#### MATERIAL SHOWN

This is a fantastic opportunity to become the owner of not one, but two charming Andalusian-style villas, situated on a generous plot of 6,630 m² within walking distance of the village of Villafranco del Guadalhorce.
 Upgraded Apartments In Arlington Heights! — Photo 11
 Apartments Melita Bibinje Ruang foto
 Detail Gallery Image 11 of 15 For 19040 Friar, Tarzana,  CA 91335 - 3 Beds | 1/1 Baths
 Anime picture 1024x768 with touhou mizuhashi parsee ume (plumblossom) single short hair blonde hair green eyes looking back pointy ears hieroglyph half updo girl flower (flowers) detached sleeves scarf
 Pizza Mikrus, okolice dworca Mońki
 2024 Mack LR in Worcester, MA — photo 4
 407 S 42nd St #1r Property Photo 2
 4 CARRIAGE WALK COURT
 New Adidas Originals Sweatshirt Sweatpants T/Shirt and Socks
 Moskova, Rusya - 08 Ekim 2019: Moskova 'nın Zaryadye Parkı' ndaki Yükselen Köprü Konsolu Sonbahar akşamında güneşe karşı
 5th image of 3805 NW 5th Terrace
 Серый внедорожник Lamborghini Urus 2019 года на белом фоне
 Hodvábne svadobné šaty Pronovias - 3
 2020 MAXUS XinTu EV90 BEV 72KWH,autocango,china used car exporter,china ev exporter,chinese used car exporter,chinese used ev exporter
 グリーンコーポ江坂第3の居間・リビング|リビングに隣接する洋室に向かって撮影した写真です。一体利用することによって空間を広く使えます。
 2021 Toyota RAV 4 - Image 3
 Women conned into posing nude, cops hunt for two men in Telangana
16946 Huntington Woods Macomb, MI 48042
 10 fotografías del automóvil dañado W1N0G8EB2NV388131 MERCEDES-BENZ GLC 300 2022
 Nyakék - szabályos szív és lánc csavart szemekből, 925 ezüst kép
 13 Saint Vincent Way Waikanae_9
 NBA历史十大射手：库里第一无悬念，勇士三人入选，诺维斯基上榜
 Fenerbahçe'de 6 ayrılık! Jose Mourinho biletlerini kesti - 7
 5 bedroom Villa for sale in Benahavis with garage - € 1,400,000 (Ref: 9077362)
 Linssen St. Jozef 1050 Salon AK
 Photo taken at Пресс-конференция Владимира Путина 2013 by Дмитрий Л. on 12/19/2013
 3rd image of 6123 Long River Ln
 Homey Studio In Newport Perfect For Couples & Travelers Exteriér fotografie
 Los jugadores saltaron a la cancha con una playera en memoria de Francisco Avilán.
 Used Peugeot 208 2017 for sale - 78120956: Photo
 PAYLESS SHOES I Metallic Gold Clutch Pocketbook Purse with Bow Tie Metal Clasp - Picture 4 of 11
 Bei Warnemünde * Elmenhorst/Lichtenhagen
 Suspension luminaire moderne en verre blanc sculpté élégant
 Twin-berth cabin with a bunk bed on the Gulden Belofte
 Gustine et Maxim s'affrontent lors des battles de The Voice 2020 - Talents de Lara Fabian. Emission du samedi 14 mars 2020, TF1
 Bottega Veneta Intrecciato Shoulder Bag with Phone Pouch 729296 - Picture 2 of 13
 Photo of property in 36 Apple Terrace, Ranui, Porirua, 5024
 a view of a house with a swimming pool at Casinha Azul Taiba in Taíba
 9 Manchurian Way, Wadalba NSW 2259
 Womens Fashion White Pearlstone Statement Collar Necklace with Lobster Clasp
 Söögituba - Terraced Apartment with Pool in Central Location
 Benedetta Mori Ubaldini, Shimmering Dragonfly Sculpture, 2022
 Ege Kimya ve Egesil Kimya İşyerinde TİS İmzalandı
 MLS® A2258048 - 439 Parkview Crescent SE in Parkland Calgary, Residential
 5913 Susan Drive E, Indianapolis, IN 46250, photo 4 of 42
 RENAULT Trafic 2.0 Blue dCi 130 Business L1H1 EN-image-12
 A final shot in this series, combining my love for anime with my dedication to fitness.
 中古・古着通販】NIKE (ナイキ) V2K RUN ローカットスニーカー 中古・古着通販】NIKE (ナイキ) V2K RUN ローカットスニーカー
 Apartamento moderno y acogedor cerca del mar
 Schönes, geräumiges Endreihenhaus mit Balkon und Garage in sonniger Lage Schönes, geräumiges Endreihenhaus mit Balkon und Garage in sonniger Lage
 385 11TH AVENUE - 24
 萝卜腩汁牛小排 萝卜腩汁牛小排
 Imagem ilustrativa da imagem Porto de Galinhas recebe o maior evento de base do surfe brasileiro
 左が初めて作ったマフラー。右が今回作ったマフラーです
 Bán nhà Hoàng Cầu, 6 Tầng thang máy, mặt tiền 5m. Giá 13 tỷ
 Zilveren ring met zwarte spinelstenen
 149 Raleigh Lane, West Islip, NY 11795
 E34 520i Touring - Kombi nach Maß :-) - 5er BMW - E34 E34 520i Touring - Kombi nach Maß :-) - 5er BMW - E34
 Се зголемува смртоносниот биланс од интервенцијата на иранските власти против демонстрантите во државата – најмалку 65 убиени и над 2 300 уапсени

########

WORK INSTRUCTION
An exact repetition of all the entries is required.

RESULT OF THIS EXERCISE
This is a fantastic opportunity to become the owner of not one, but two charming Andalusian-style villas, situated on a generous plot of 6,630 m² within walking distance of the village of Villafranco del Guadalhorce.
 Upgraded Apartments In Arlington Heights! — Photo 11
 Apartments Melita Bibinje Ruang foto
 Detail Gallery Image 11 of 15 For 19040 Friar, Tarzana,  CA 91335 - 3 Beds | 1/1 Baths
 Anime picture 1024x768 with touhou mizuhashi parsee ume (plumblossom) single short hair blonde hair green eyes looking back pointy ears hieroglyph half updo girl flower (flowers) detached sleeves scarf
 Pizza Mikrus, okolice dworca Mońki
 2024 Mack LR in Worcester, MA — photo 4
 407 S 42nd St #1r Property Photo 2
 4 CARRIAGE WALK COURT
 New Adidas Originals Sweatshirt Sweatpants T/Shirt and Socks
 Moskova, Rusya - 08 Ekim 2019: Moskova 'nın Zaryadye Parkı' ndaki Yükselen Köprü Konsolu Sonbahar akşamında güneşe karşı
 5th image of 3805 NW 5th Terrace
 Серый внедорожник Lamborghini Urus 2019 года на белом фоне
 Hodvábne svadobné šaty Pronovias - 3
 2020 MAXUS XinTu EV90 BEV 72KWH,autocango,china used car exporter,china ev exporter,chinese used car exporter,chinese used ev exporter
 グリーンコーポ江坂第3の居間・リビング|リビングに隣接する洋室に向かって撮影した写真です。一体利用することによって空間を広く使えます。
 2021 Toyota RAV 4 - Image 3
 Women conned into posing nude, cops hunt for two men in Telangana
16946 Huntington Woods Macomb, MI 48042
 10 fotografías del automóvil dañado W1N0G8EB2NV388131 MERCEDES-BENZ GLC 300 2022
 Nyakék - szabályos szív és lánc csavart szemekből, 925 ezüst kép
 13 Saint Vincent Way Waikanae_9
 NBA历史十大射手：库里第一无悬念，勇士三人入选，诺维斯基上榜
 Fenerbahçe'de 6 ayrılık! Jose Mourinho biletlerini kesti - 7
 5 bedroom Villa for sale in Benahavis with garage - € 1,400,000 (Ref: 9077362)
 Linssen St. Jozef 1050 Salon AK
 Photo taken at Пресс-конференция Владимира Путина 2013 by Дмитрий Л. on 12/19/2013
 3rd image of 6123 Long River Ln
 Homey Studio In Newport Perfect For Couples & Travelers Exteriér fotografie
 Los jugadores saltaron a la cancha con una playera en memoria de Francisco Avilán.
 Used Peugeot 208 2017 for sale - 78120956: Photo
 PAYLESS SHOES I Metallic Gold Clutch Pocketbook Purse with Bow Tie Metal Clasp - Picture 4 of 11
 Bei Warnemünde * Elmenhorst/Lichtenhagen
 Suspension luminaire moderne en verre blanc sculpté élégant
 Twin-berth cabin with a bunk bed on the Gulden Belofte
 Gustine et Maxim s'affrontent lors des battles de The Voice 2020 - Talents de Lara Fabian. Emission du samedi 14 mars 2020, TF1
 Bottega Veneta Intrecciato Shoulder Bag with Phone Pouch 729296 - Picture 2 of 13
 Photo of property in 36 Apple Terrace, Ranui, Porirua, 5024
 a view of a house with a swimming pool at Casinha Azul Taiba in Taíba
 9 Manchurian Way, Wadalba NSW 2259
 Womens Fashion White Pearlstone Statement Collar Necklace with Lobster Clasp
 Söögituba - Terraced Apartment with Pool in Central Location
 Benedetta Mori Ubaldini, Shimmering Dragonfly Sculpture, 2022
 Ege Kimya ve Egesil Kimya İşyerinde TİS İmzalandı
 MLS® A2258048 - 439 Parkview Crescent SE in Parkland Calgary, Residential
 5913 Susan Drive E, Indianapolis, IN 46250, photo 4 of 42
 RENAULT Trafic 2.0 Blue dCi 130 Business L1H1 EN-image-12
 A final shot in this series, combining my love for anime with my dedication to fitness.
 中古・古着通販】NIKE (ナイキ) V2K RUN ローカットスニーカー 中古・古着通販】NIKE (ナイキ) V2K RUN ローカットスニーカー
 Apartamento moderno y acogedor cerca del mar
 Schönes, geräumiges Endreihenhaus mit Balkon und Garage in sonniger Lage Schönes, geräumiges Endreihenhaus mit Balkon und Garage in sonniger Lage
 385 11TH AVENUE - 24
 萝卜腩汁牛小排 萝卜腩汁牛小排
 Imagem ilustrativa da imagem Porto de Galinhas recebe o maior evento de base do surfe brasileiro
 左が初めて作ったマフラー。右が今回作ったマフラーです
 Bán nhà Hoàng Cầu, 6 Tầng thang máy, mặt tiền 5m. Giá 13 tỷ
 Zilveren ring met zwarte spinelstenen
 149 Raleigh Lane, West Islip, NY 11795
 E34 520i Touring - Kombi nach Maß :-) - 5er BMW - E34 E34 520i Touring - Kombi nach Maß :-) - 5er BMW - E34
 Се зголемува смртоносниот биланс од интервенцијата на иранските власти против демонстрантите во државата – најмалку 65 убиени и над 2 300 уапсени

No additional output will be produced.